What type of mindset do you have?

After studying the behaviour of thousands of children, Dr. Dweck Professor of Psychology at Stanford University, coined the terms fixed mindset and growth mindset to describe the underlying beliefs people have about learning and intelligence.

Mindset challenge:

When people believe they can get smarter, they understand that effort makes them stronger. Choose something you can’t do yet and work out a plan on how you can achieve it before the end of 2017.

What kind of person are you? Which traits do you have?

Fixed Mindset

  • See ability is a fixed thing i.e. avoids challenges and looks for short cuts
  • Give up easily i.e. tried once
  • Dislike the need for effort
  • Ignore useful feedback and criticism
  • Feel threatened by success of others

Example: Nick Kyrogos

Australian Tennis player who is the only tennis player in the top 100 players in the world not to have a tennis coach & constantly makes excuses for his poor behaviour.

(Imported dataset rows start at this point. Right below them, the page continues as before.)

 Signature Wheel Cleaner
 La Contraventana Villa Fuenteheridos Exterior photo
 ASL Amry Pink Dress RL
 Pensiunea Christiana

“One of the most hated qualities of Kyrgios’ is that he doesn’t try. He doesn’t want to try. He doesn’t show remorse for not trying and he proudly rubs your face in the fact that he doesn’t care that he feels no remorse for not trying.”

Growth Mindset

  • Seek out and embrace challenges
  • Persist in the face of setbacks
  • Revel in the struggle
  • Learn from feedback and critique
  • Be inspired by the success of others and surround themselves by those who are successful.

Example: John Dawson

After building a successful engineering business, John suffered a heart attack at the age of 52, which started him running in an effort to recover. John has overcome a catalogue of health issues including losing one of his eyes to cancer.

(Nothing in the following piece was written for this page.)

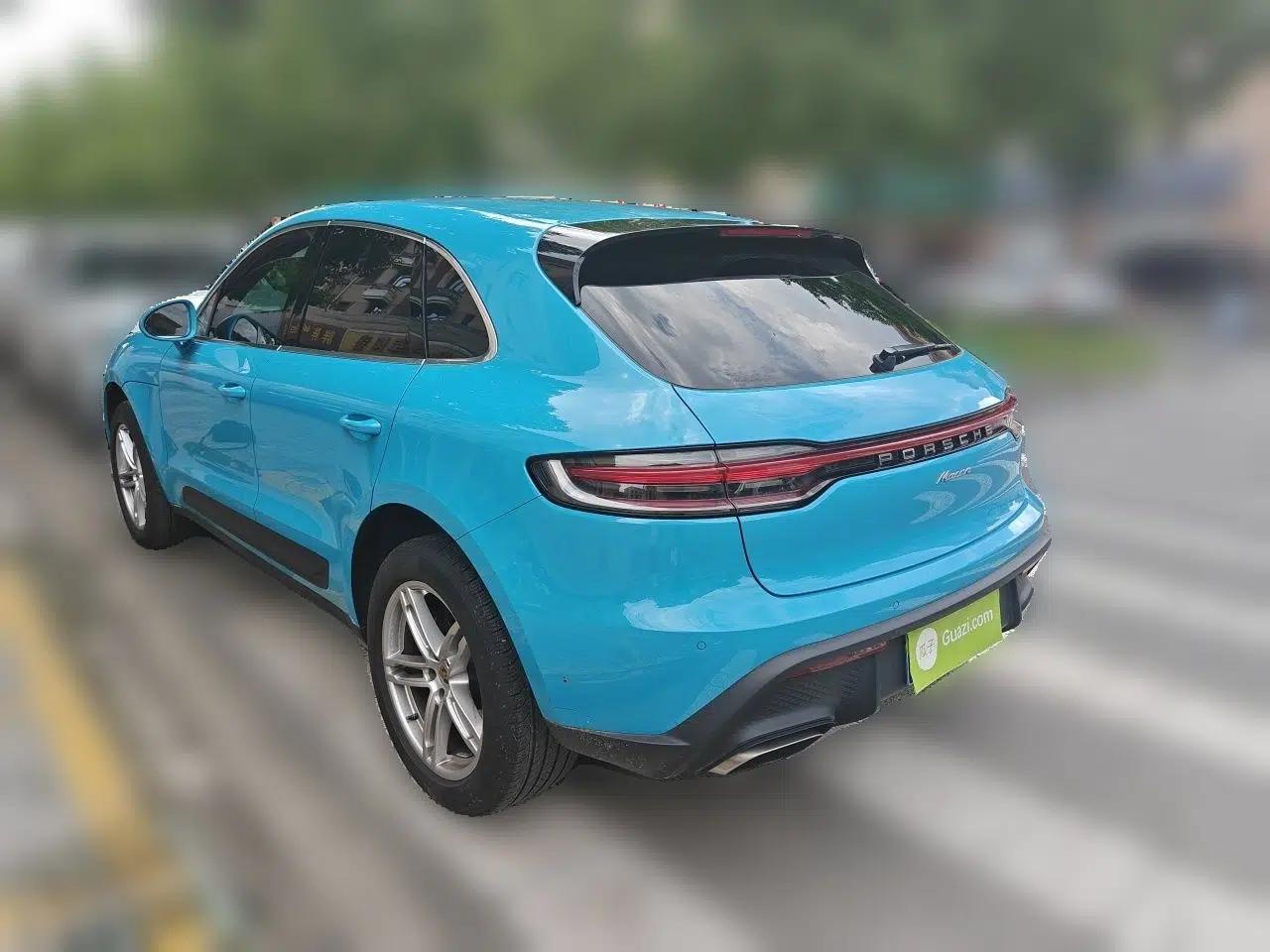 Porsche Macan 2022 Macan 2.0T — миниатюра 4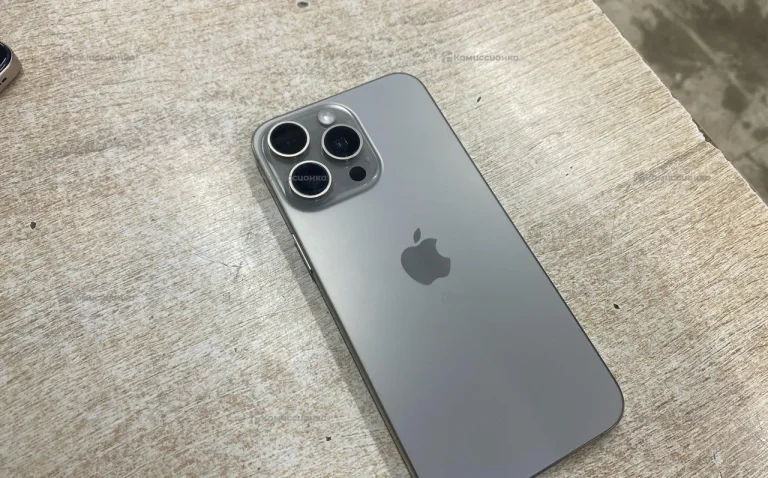 Apple iPhone 15 Pro Max 8/256 ГБ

Now 77 years of age, he has completed 403 Marathons including the Berlin Wall (156Kms) at the age of 73.

John changed his mindset for life.

The question I often get from clients, ‘What age is too late to change your mindset’?

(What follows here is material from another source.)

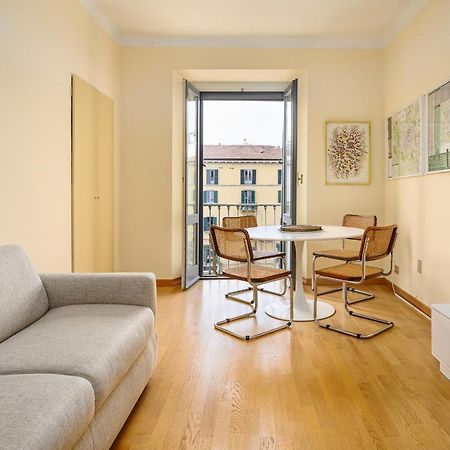 Brera - San Marco Cozy Apartment Milan Luaran gambar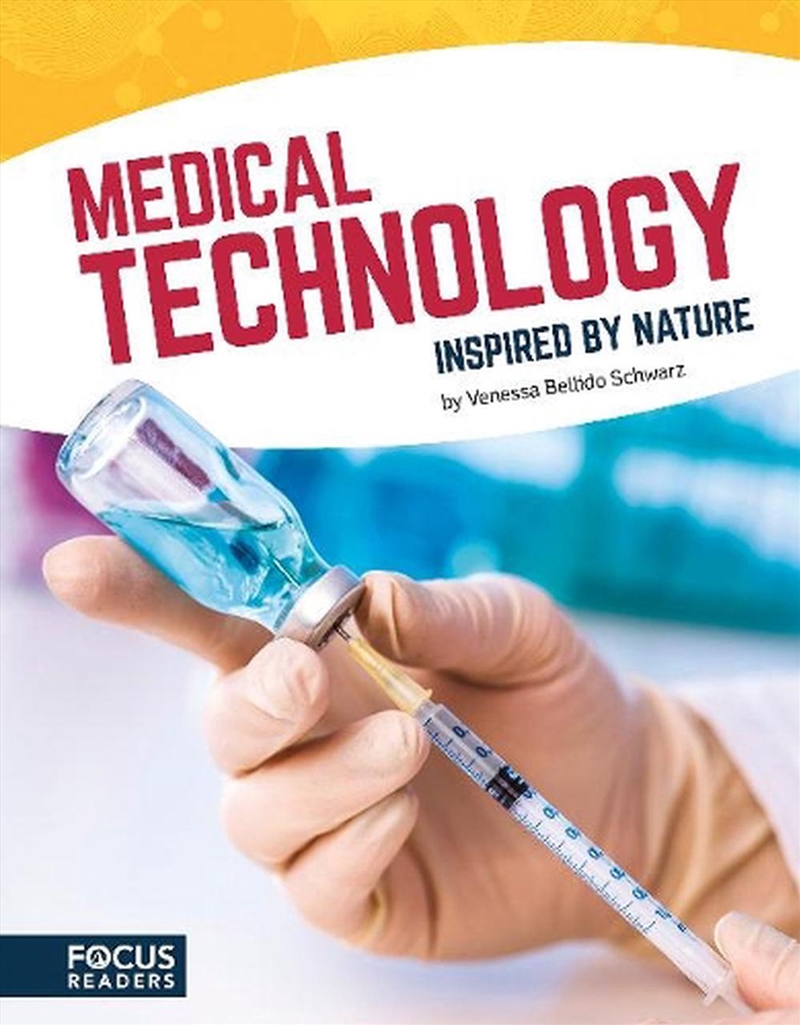 Inspired by Nature - Medical Technology/Product Detail/Childrens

The answer is it is never too late to change, but having a solid plan and support network helps.

Brain friendly tips:

  1. Be mindful of what you praise – your children, peers or those who work for you. Give specific feedback around their effort and the impact of the results.
  2. Don’t try to be an expert, instead be an example, share your stories of success and failure. How do you talk/act with regards to your success? How do you talk/act about your failures?